Captioned web images
-----
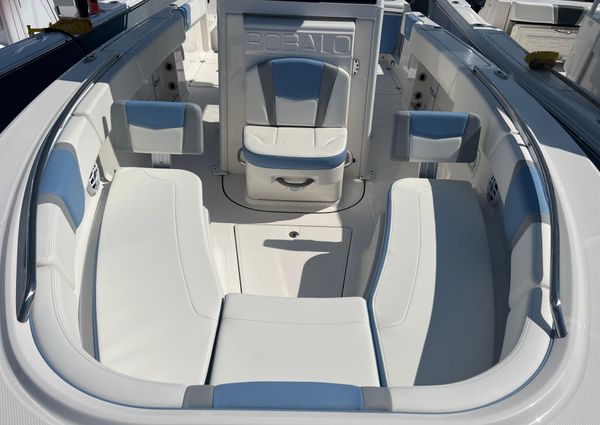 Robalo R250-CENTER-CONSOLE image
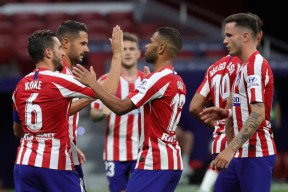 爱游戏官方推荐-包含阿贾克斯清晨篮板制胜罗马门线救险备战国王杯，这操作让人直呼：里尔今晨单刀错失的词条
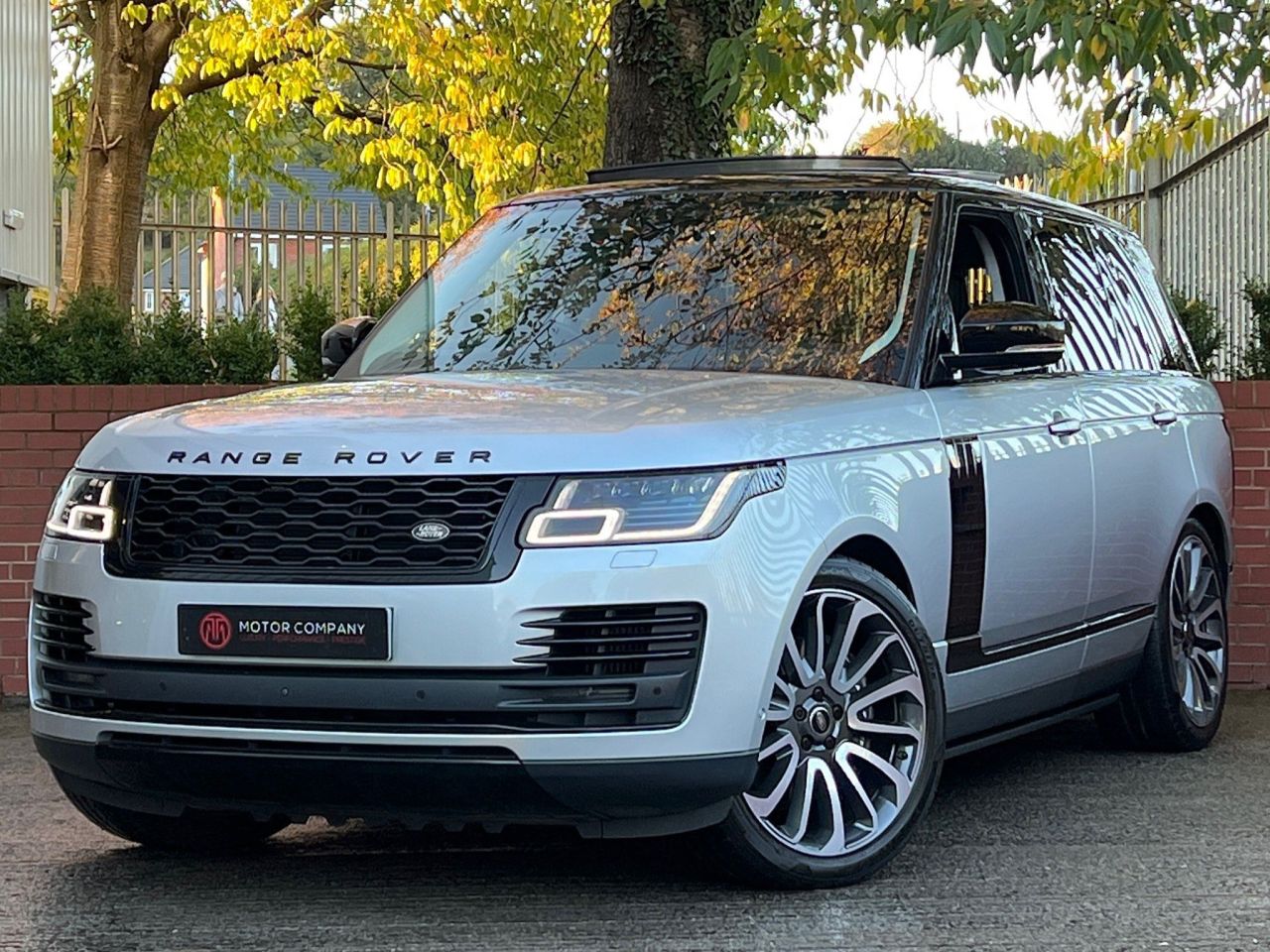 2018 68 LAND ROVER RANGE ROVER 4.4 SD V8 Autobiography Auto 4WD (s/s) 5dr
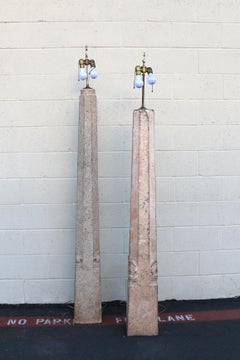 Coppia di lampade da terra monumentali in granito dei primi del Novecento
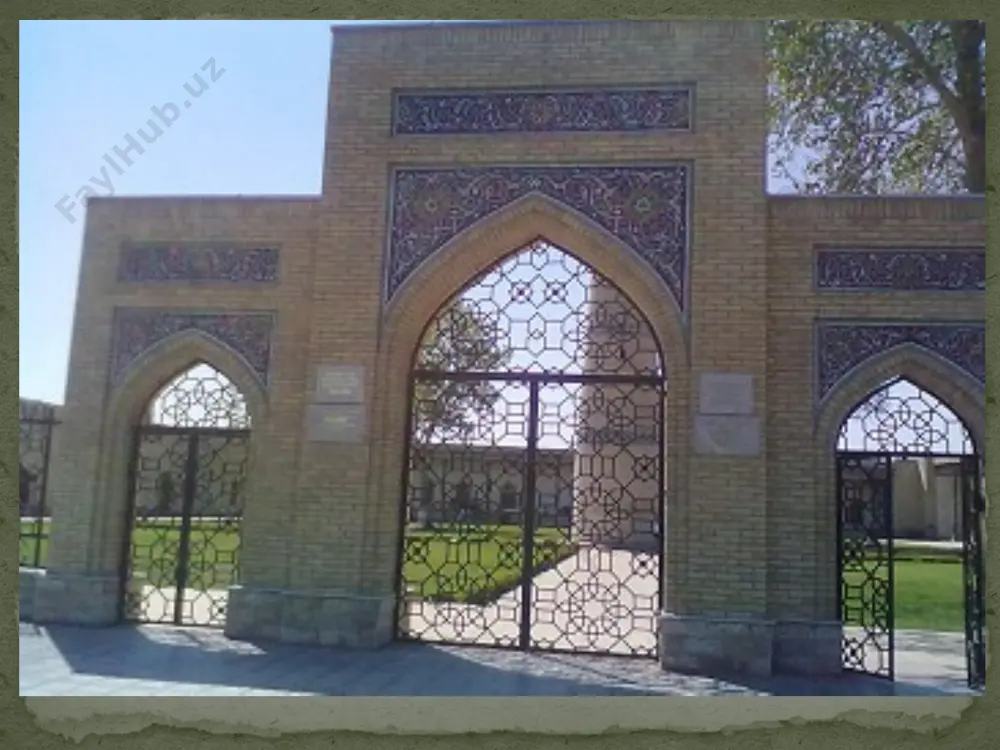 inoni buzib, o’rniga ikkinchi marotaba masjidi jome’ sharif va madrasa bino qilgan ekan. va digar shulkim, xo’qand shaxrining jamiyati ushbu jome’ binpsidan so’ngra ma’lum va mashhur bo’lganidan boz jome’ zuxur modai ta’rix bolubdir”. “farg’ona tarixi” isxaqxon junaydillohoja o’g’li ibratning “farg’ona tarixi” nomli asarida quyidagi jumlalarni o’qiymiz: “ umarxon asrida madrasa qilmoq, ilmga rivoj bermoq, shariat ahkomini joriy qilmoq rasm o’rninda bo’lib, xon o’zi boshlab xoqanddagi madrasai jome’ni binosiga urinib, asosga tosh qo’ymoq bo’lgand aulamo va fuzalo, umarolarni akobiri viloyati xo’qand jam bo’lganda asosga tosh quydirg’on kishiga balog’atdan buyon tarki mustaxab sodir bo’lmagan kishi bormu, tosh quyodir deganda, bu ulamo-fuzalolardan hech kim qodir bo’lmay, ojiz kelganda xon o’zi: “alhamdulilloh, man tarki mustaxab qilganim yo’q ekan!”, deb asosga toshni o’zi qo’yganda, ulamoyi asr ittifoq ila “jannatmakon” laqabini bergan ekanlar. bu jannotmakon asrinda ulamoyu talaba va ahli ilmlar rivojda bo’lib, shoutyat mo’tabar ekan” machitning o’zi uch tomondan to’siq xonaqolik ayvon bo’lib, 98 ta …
-----
(Exercise instructions) Your copy should hold only the lines above from the one containing "爱游戏官方推荐-包含阿贾克斯" through the one containing "Coppia di lampade", exactly as written and free of pictures.

(Answer space)
 爱游戏官方推荐-包含阿贾克斯清晨篮板制胜罗马门线救险备战国王杯，这操作让人直呼：里尔今晨单刀错失的词条
 2018 68 LAND ROVER RANGE ROVER 4.4 SD V8 Autobiography Auto 4WD (s/s) 5dr
 Coppia di lampade da terra monumentali in granito dei primi del Novecento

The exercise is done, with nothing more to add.